Dr. Grummons will present up-to-date Class II and III clinical aspects, which affect facial harmonies, mandibular function, TMD perspectives, and esthetic treatment outcomes. The patient should triumph after treatment with optimized self-confidence and radiant smile.

Aims: Many clinicians have not employed the frontal perspective.  Therefore, the purposes of this lecture are to: (1) update the findings in the morphology and growth in the transverse dimension; (2) simplify evaluation of facial asymmetry using the Ricketts and Grummons frontal analyses; (3) describe practical clinical applications of anteroposterior images and analysis; and (4) demonstrate the needs and benefits of three-dimensional diagnostic and treatment applications.

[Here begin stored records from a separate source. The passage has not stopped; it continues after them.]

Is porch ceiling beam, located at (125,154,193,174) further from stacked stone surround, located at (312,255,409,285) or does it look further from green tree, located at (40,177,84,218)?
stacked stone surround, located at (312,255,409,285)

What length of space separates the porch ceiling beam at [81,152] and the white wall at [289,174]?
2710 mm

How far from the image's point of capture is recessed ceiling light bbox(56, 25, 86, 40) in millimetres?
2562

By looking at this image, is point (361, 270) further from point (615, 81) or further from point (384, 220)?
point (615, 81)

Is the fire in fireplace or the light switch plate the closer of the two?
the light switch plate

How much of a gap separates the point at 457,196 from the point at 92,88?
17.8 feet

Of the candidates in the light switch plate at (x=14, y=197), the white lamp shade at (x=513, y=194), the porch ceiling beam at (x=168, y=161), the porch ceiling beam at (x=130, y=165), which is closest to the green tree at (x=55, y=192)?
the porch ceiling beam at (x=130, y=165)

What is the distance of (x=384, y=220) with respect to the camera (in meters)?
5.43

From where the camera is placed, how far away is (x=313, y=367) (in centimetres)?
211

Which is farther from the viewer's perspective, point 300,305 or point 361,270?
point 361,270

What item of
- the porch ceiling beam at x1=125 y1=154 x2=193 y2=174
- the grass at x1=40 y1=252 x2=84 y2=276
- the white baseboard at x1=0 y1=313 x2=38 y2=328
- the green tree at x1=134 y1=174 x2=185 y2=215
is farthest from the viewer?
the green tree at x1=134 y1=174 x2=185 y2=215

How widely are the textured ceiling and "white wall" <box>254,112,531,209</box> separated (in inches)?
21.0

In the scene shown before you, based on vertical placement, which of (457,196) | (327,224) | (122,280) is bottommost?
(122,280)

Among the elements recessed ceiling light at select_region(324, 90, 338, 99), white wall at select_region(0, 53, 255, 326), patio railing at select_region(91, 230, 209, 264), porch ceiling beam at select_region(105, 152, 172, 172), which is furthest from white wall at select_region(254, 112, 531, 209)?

Methods: Maxillary width variations, frontal (anteroposterior) anatomic landmark locations, and frontal and related image analysis and tracing methods are detailed.  Asymmetry conditions are differentially treated.  Frontal analysis methods and applications are specified and integrated into facial, smile, jaw, and occlusal therapies.

Results: Utilizing frontal facial information, therapeutic approaches are more specific and effective, while directed toward particular etiology.  Occlusal plane, midline, chin location, and smile esthetics are primarily addressed.  Beautiful facial proportions and smile harmony can be developed despite initial facial dysmorphosis and disproportions.  Asymmetry of the facial parts is the rule, rather than the exception.

Conclusion: Patients view themselves from the frontal perspective, so this carries priority in assessing problems and treatment outcomes.  It is important to know the etiology of asymmetry to assist others with genetic counseling.  In orthodontics, we are essentially a generation of profiles, looking at the lateral cephalometric image.  Facial harmony and smile beauty are optimal when facial and dental midlines are aligned.  The occlusal plane should be level, or nearly so.  The chin should be centered, or nearly so.  The maxillary width should be sufficiently wide to be in harmony with the individual patient facial type and morphology.  Best facial development and proportionality exist when the transverse skeletal and dental components are optimized transversely and are symmetric.